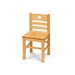 Birch Teacher's Chair 17.5"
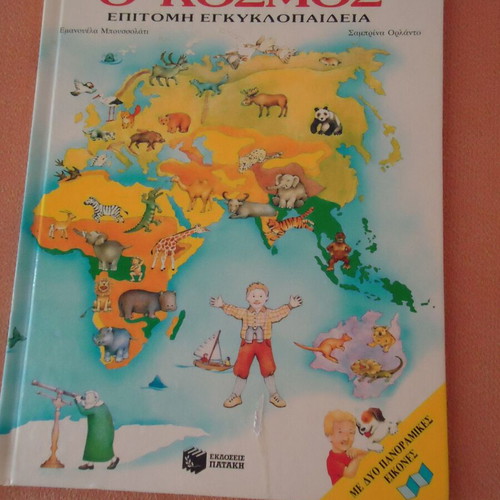Children's Book ΚΟΣΜΟΣ used, hardcover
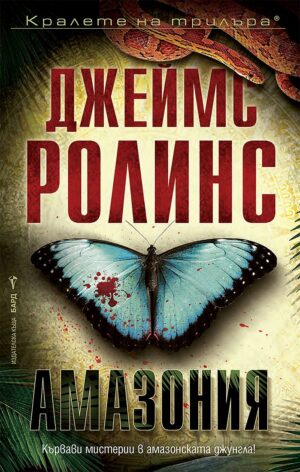 Амазония (Ново издание)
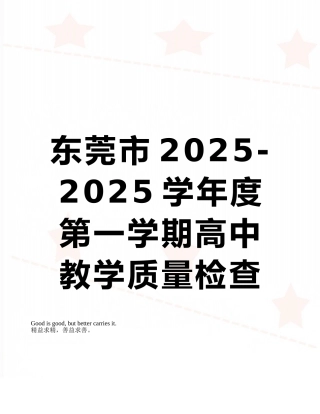 东莞市2025-2025学年度第一学期高中教学质量检查高二地理-试题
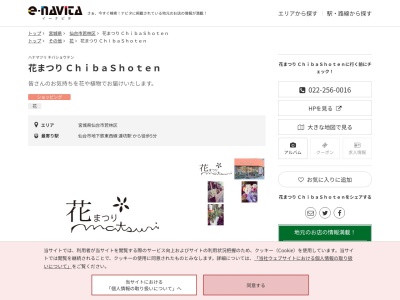 花まつりChibaShoten(宮城県仙台市若林区新寺4-9-1)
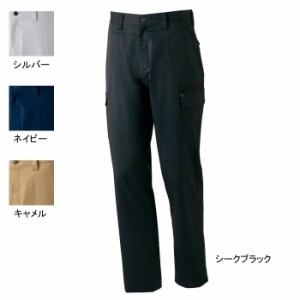 自重堂 75002 ストレッチノータックカーゴパンツ 70〜88 作業服 作業着 春夏用 ズボン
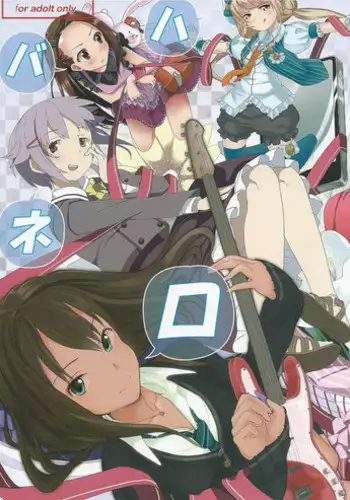 (C83) [Free Pro (Various)] Habanero Survival (THE IDOLM@STER Cinderella Girls)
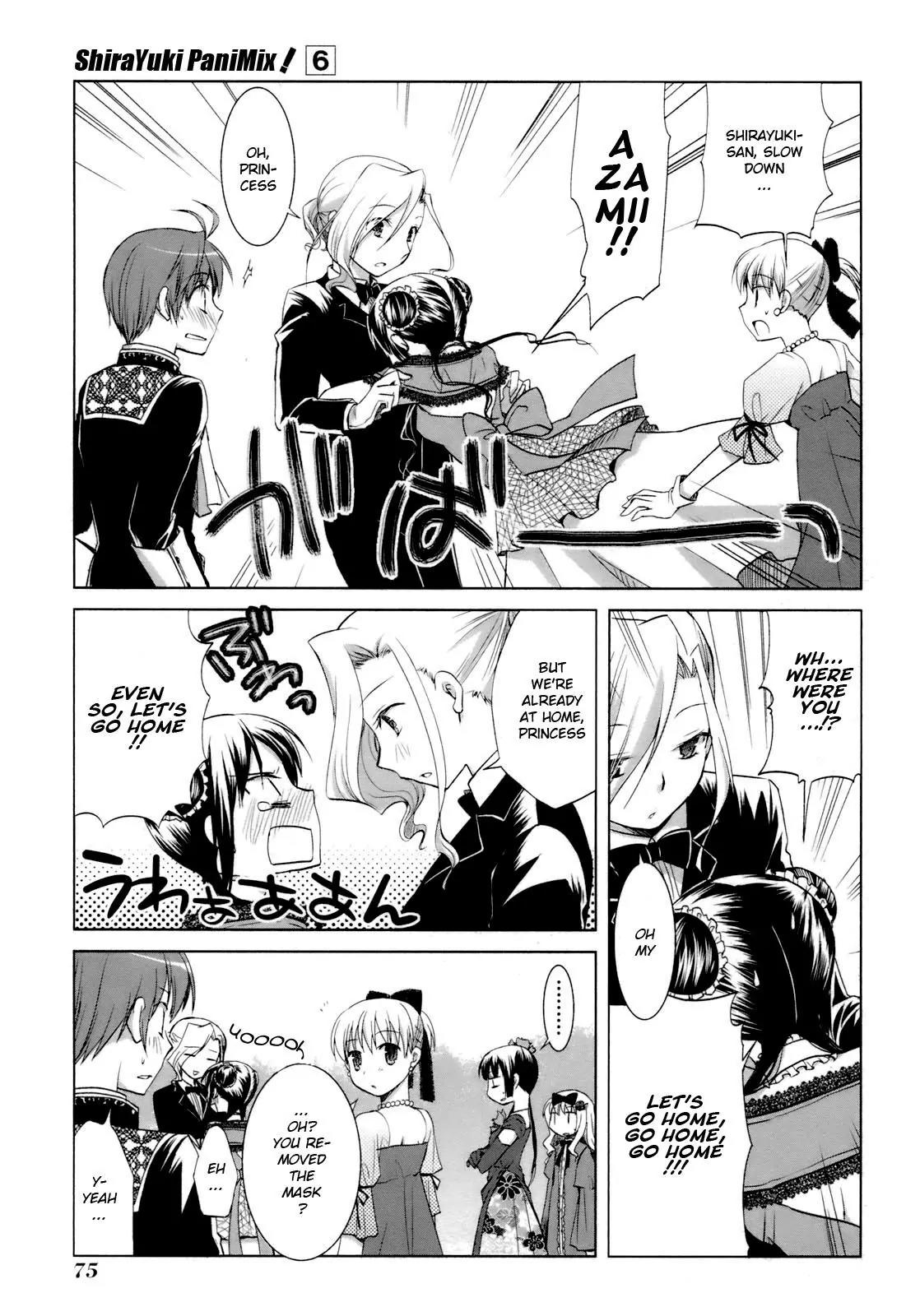 ShiraYuki PaniMix! Chapter 32 page 20 - Chapter 32: Feelings!!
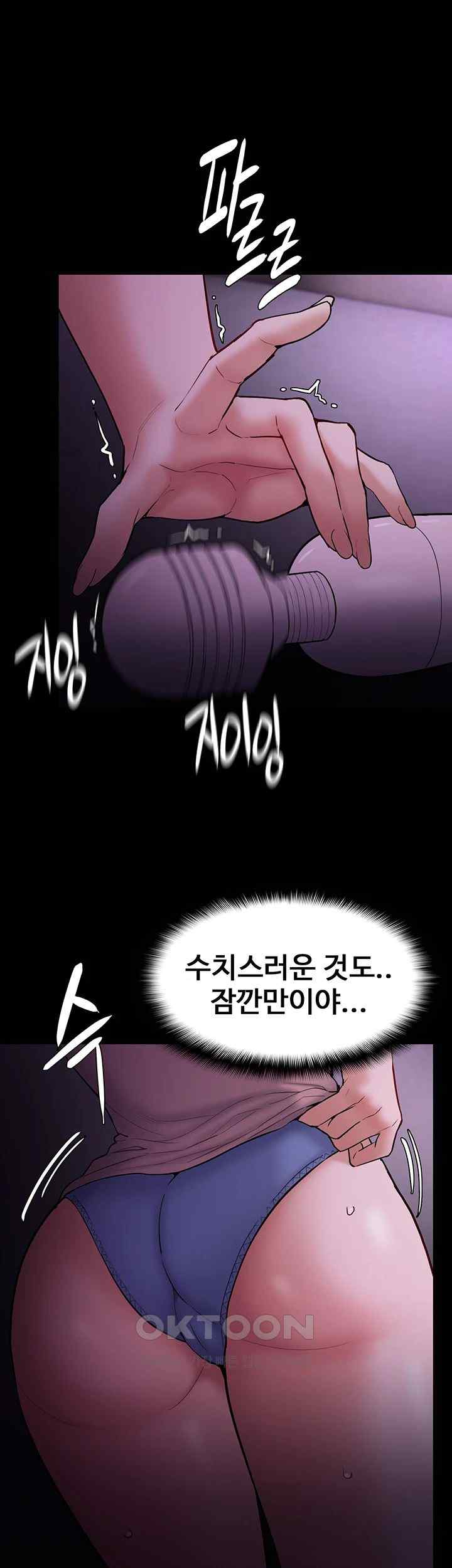 Pervert Diary Raw Chapter 76 image 0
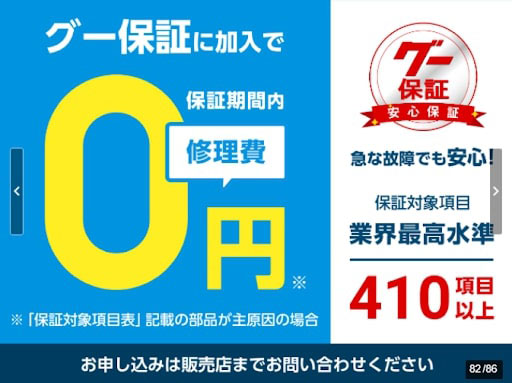 各種サービス ｜ ジャンプ三郷センター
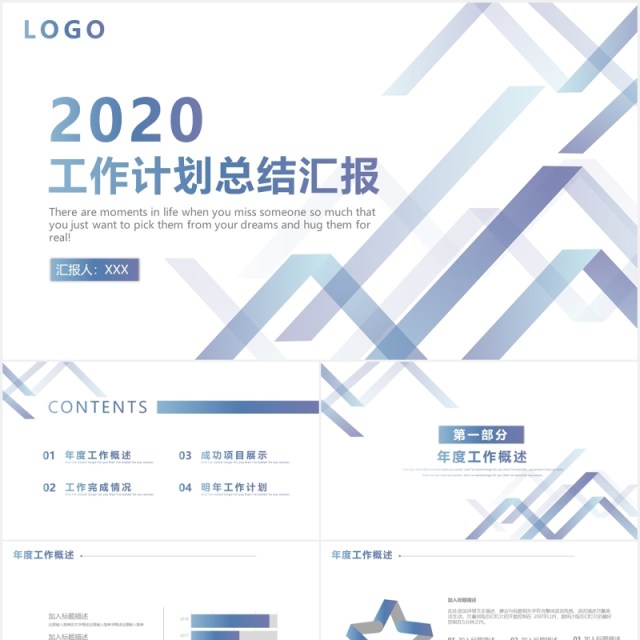 蓝色简约大气几何工作计划总结汇报PPT模板 蓝色简约大气几何工作计划总结汇报PPT模板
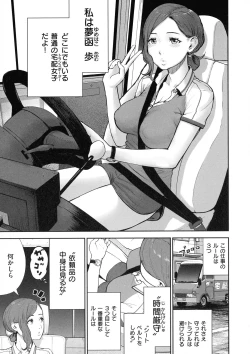 Page 53 of La GIRL!!!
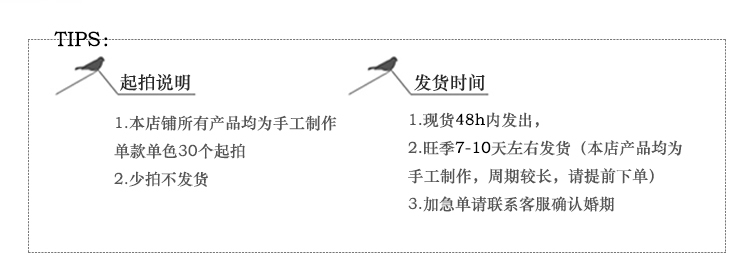 宫廷风金色年华喜糖盒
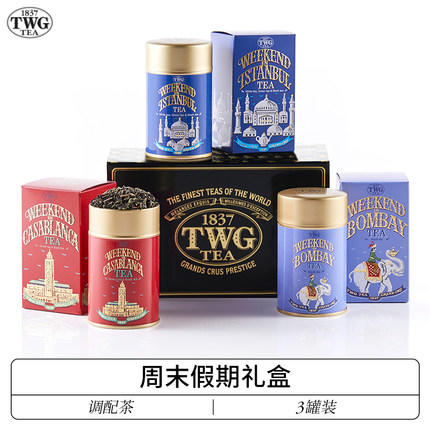 【TWG内购折扣&买赠】TWG Tea 周末假期小罐茶叶礼盒 新加坡进口调味茶 商品图0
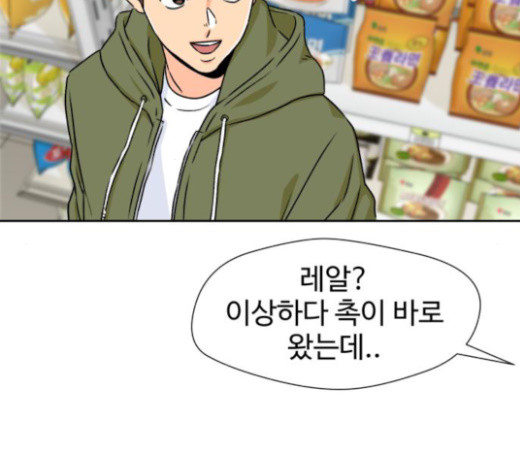 Face Genius Ch.27 p131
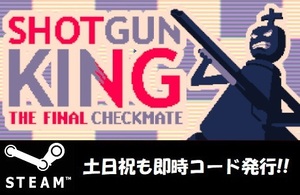 ★Steamコード・キー】Shotgun King: The Final Checkmate 日本語対応 PCゲーム 土日祝も対応!!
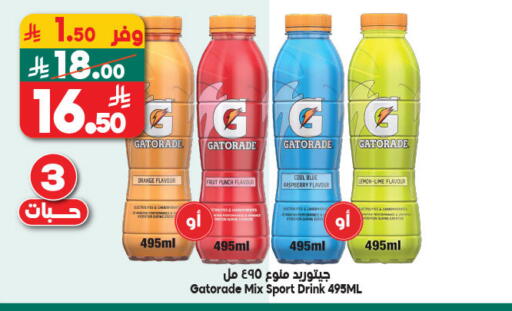 Raspberry Lemon available at Dukan in KSA, Saudi Arabia, Saudi - Medina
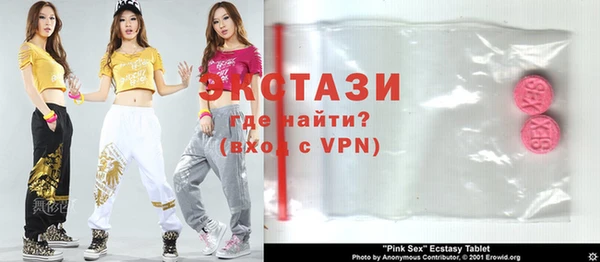 прущая мука Майский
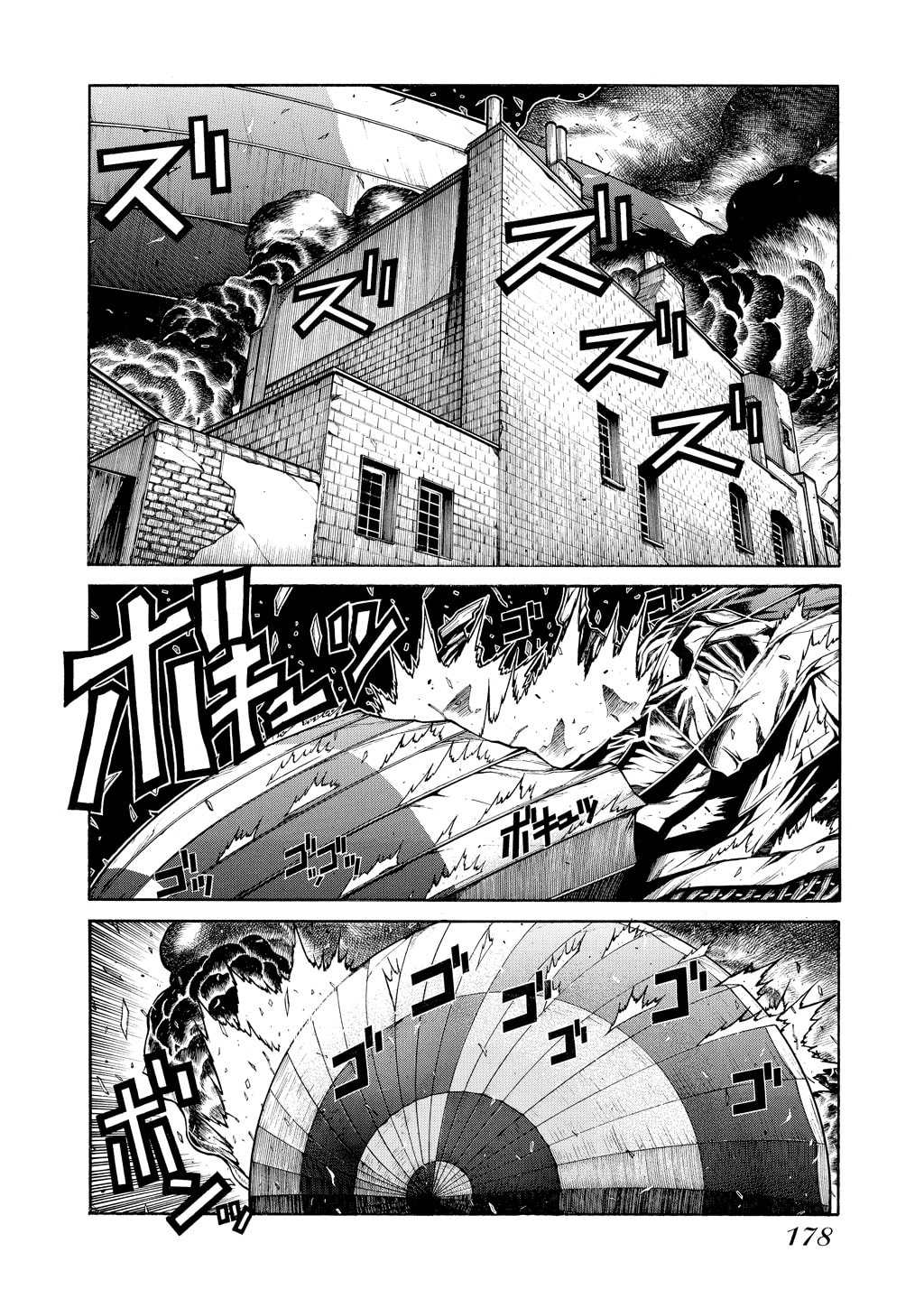 Read HELLSING chapter 77 image 16 on Lezhin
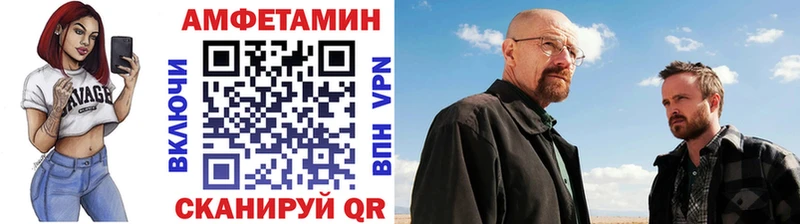 Купить  Ивдель  Первитин винт 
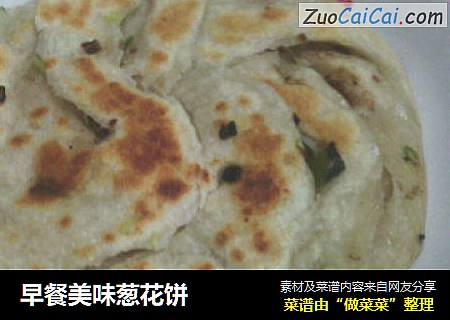 早餐美味葱花饼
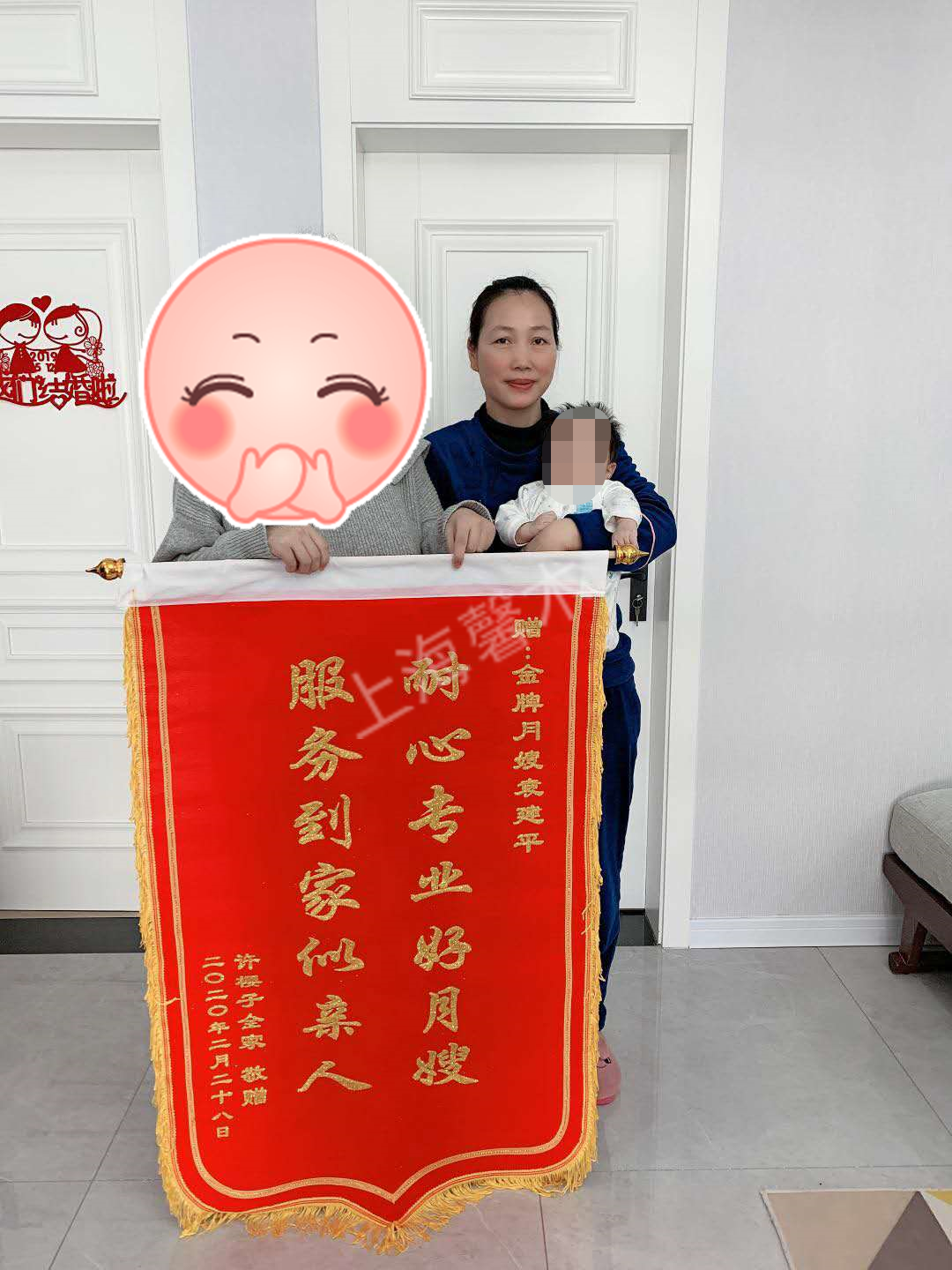袁阿姨缩略图6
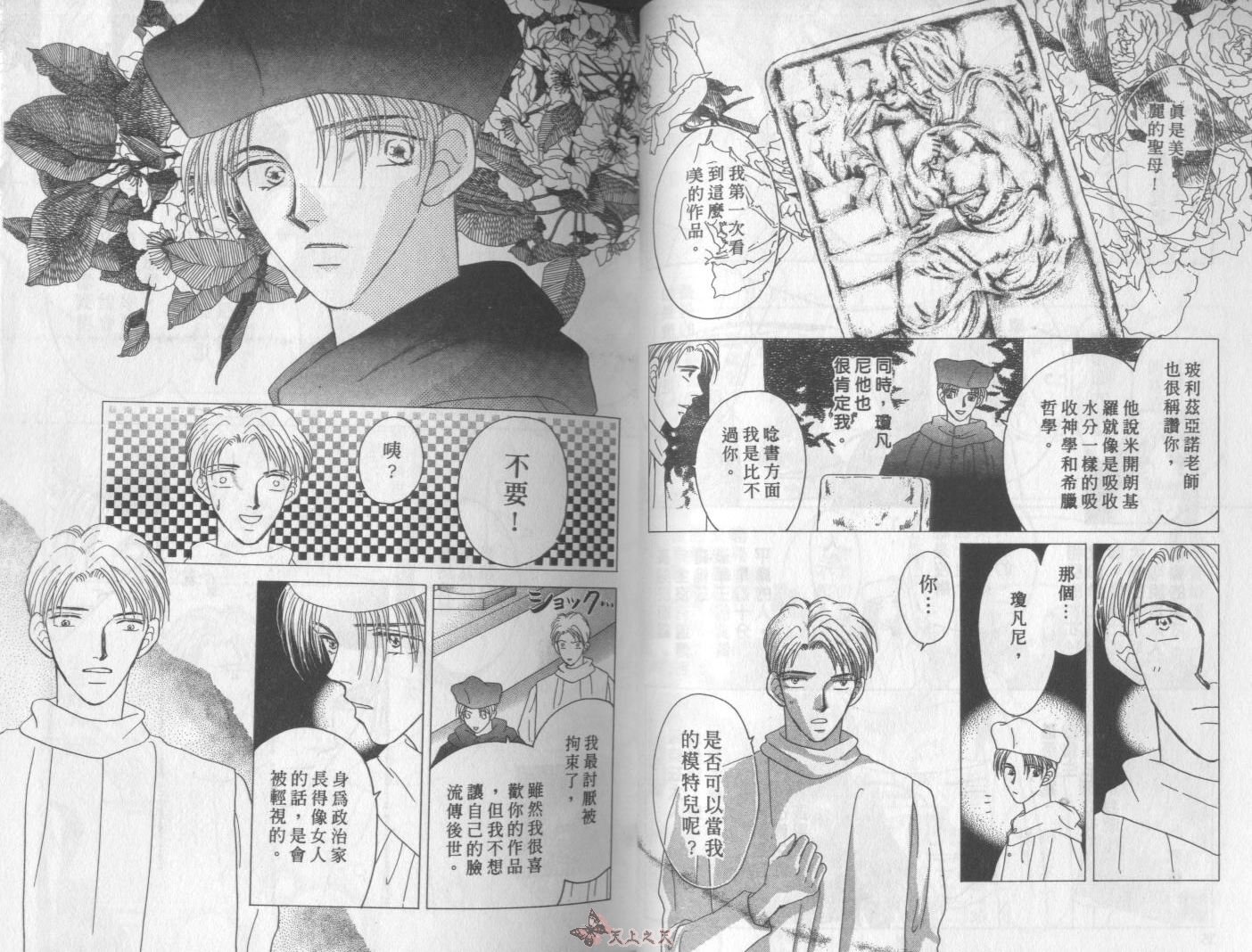 白色的费欧莲缇娜韩漫全集-VOL09无删减无遮挡章节图片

Instructions for the task
Pictures aside, repeat exactly every line from the top of the listing above through the line bearing "Raspberry Lemon available", inclusive.

Response area
 Birch Teacher's Chair 17.5"
Children's Book ΚΟΣΜΟΣ used, hardcover
 Амазония (Ново издание)
 东莞市2025-2025学年度第一学期高中教学质量检查高二地理-试题
 花まつりChibaShoten(宮城県仙台市若林区新寺4-9-1)
 自重堂 75002 ストレッチノータックカーゴパンツ 70〜88 作業服 作業着 春夏用 ズボン
 (C83) [Free Pro (Various)] Habanero Survival (THE IDOLM@STER Cinderella Girls)
 ShiraYuki PaniMix! Chapter 32 page 20 - Chapter 32: Feelings!!
 Pervert Diary Raw Chapter 76 image 0
 各種サービス ｜ ジャンプ三郷センター
 蓝色简约大气几何工作计划总结汇报PPT模板 蓝色简约大气几何工作计划总结汇报PPT模板
 Page 53 of La GIRL!!!
 宫廷风金色年华喜糖盒
 【TWG内购折扣&买赠】TWG Tea 周末假期小罐茶叶礼盒 新加坡进口调味茶 商品图0
 Face Genius Ch.27 p131
 ★Steamコード・キー】Shotgun King: The Final Checkmate 日本語対応 PCゲーム 土日祝も対応!!
 Raspberry Lemon available at Dukan in KSA, Saudi Arabia, Saudi - Medina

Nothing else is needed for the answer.